On Apr 21, 2004, at 9:11 AM, Sumeet Singh wrote:
Hi,
In my use-case I am dealing with multiple headers with the same key (e.g. Cookie), and need to modify or remove a specific header based on its key and value (e.g. remove a certain cookie header while leaving the rest in). There is no api in apr_tables that would allow me to remove a given header instance. apr_table_unset will remove all cookies. And I can't have my code remove a header from the apr_array_table_t array because that will render the internal hash index incorrect. Secondly, eventhough I can modify the value of a specific header by iterating over the apr_array_header_t, that would be inefficient because I wouldn't be able to use the internal index_first and index_last values. Therefore I have written three functions (patch files attached) and am hoping that the powers-that-be will be willing to review and roll them into the APR codeline.

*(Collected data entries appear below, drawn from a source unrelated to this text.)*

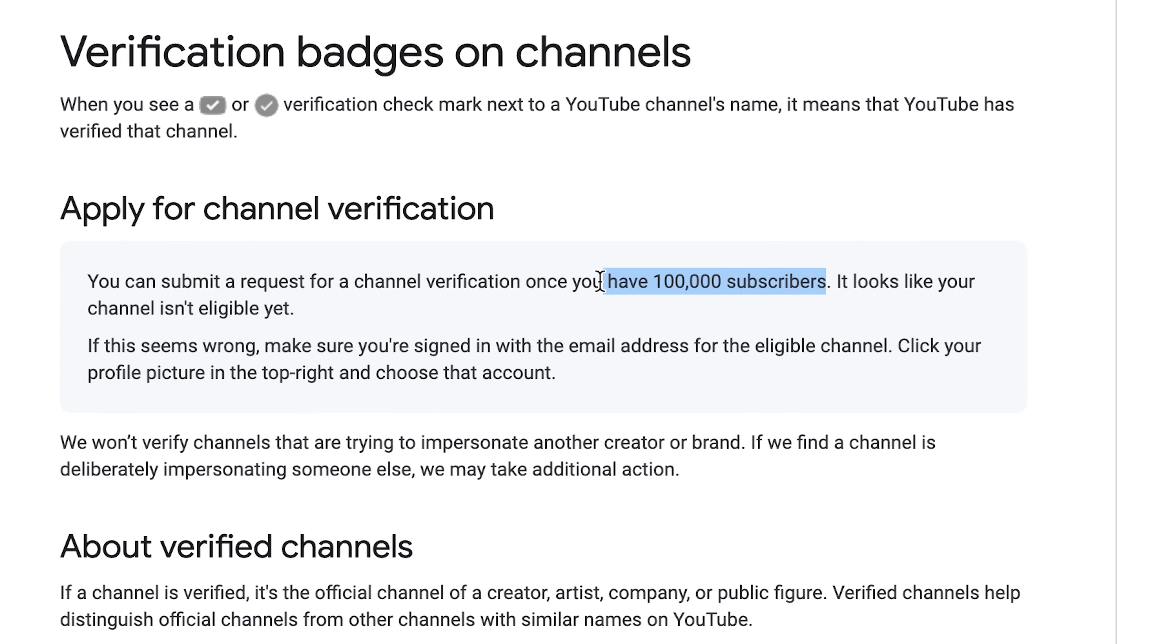In order to get the verification badge you have to have a hundred thousand subscribers. The verification for your YouTube channel that I'm talking about you can do as soon as you have created your YouTube channel.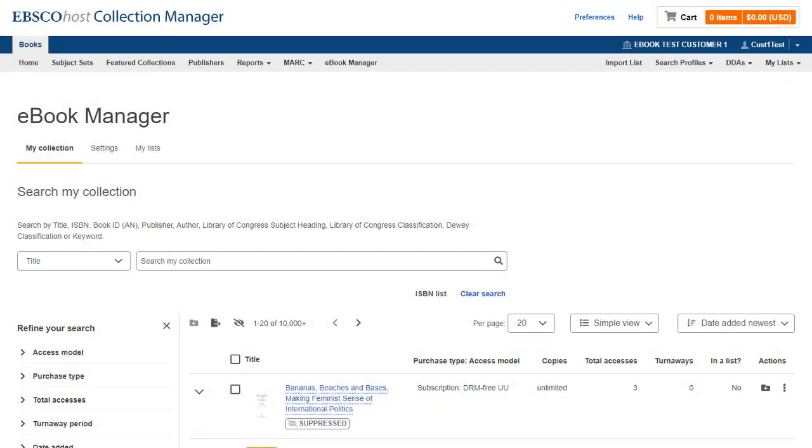eBook Manager offers a complete EBSCO ebook management workflow in a single intuitive interface within EBSCO Host Collection Manager. In this tutorial, we will look at using eBook Manager to search your institution's collection as well as the several features available to help you manage it.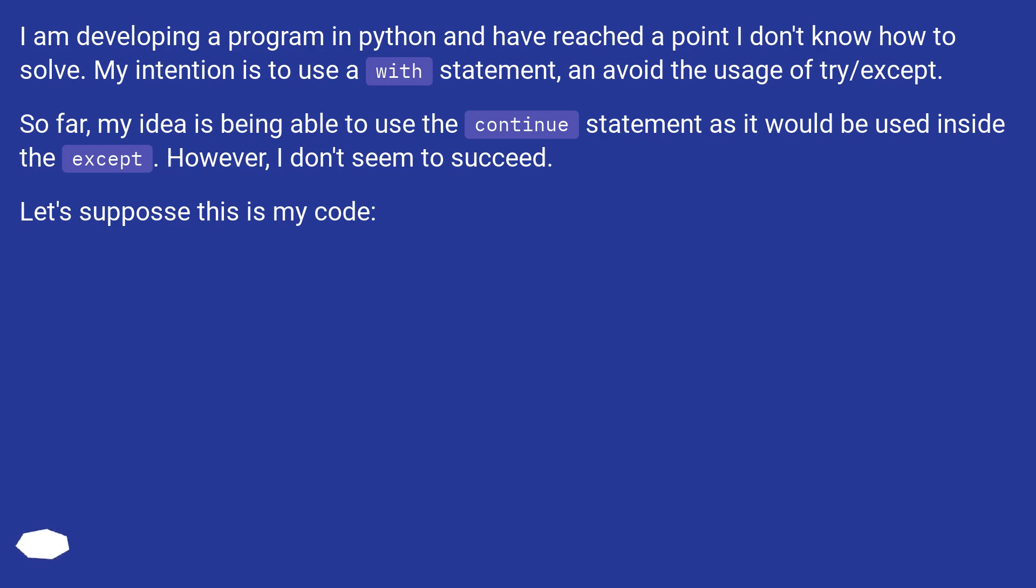So far, my idea is being able to use the continue statement as it would be used inside the except. However, I don't seem to succeed. Let's suppose this is my code.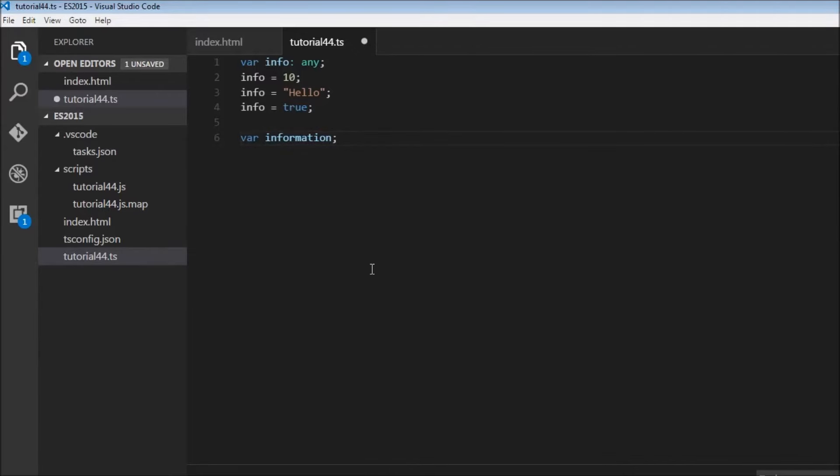So that's pretty much a quick video on a new type in TypeScript called any, and I'll see you guys in the next one.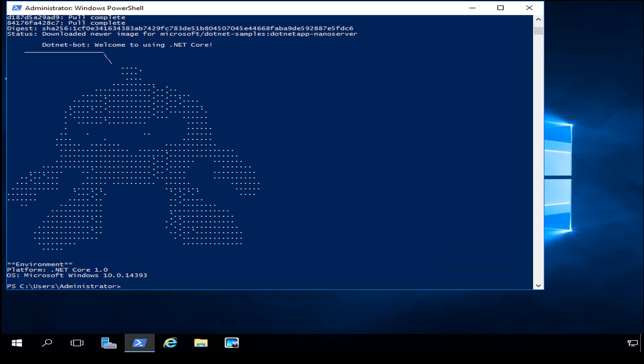In this video I showed you how to download an image from Docker. I am Stormwind Studios instructor and Cybex author William Panning — thanks for watching the video.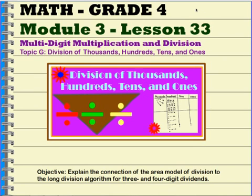Let's review Math, Grade 4, Module 3, Lesson 33: Multi-Digit Multiplication and Division, Topic G, Division of Thousands, Hundreds, Tens, and Ones.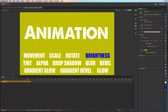In the property changes assignment, we're trying to get you used to creating symbols, adding motion tweens, and then creating multiple property animation changes. We're going to do that by asking you to animate each of the properties in isolation on different objects with those property names.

1) apr_table_set_one (apr_table_t *t, const char *key, const char *oldVal, const char *newVal)
replaces value of header "key" and value "oldVal" with value "newVal". If "oldVal" is null, then the first occurance of the header is replaces (this is an optimization for situations where we know that only one header exists and don't care about its current value). If the header is not found, then it behaves like apr_table_add.
I finally got a chance to read through the patch. The code makes sense, but I
have a question: will apr_table_set_one and apr_table_unset_one provide
all the functionality you need?
Using Cookie and Set-Cookie headers as an example, it seems like an exact
match on the oldVal wouldn't be sufficient. If your response headers include
something like this:
Content-Type; text/html
Set-Cookie: userID=1; max-age=86400; domain=.example.com
Cache-Control: private
Set-Cookie: sessionID=54321; max-age=1800; domain=.example.com
and you want to change or remove the "userID" cookie, it's a lot easier
to do a prefix match on "userID=" than on the entire value of that table
entry. (If that table entry was set by some other module, we may not
know what the full value of that entry is.)
In the general case, an application might need to: 1. iterate through all the elements in a table that match a given key, 2. selectively modify the value of one or more of the matching elements, or delete one or more of the matching elements, 3. and optionally stop iterating based on some application-defined criteria.
This sounds a lot like apr_table_do, except that apr_table_do doesn't allow modification of the table elements.
If there were a variant of apr_table_do that allowed modification of the value (but not the key) of visited elements, and the deletion of visited elements, would that work for your application?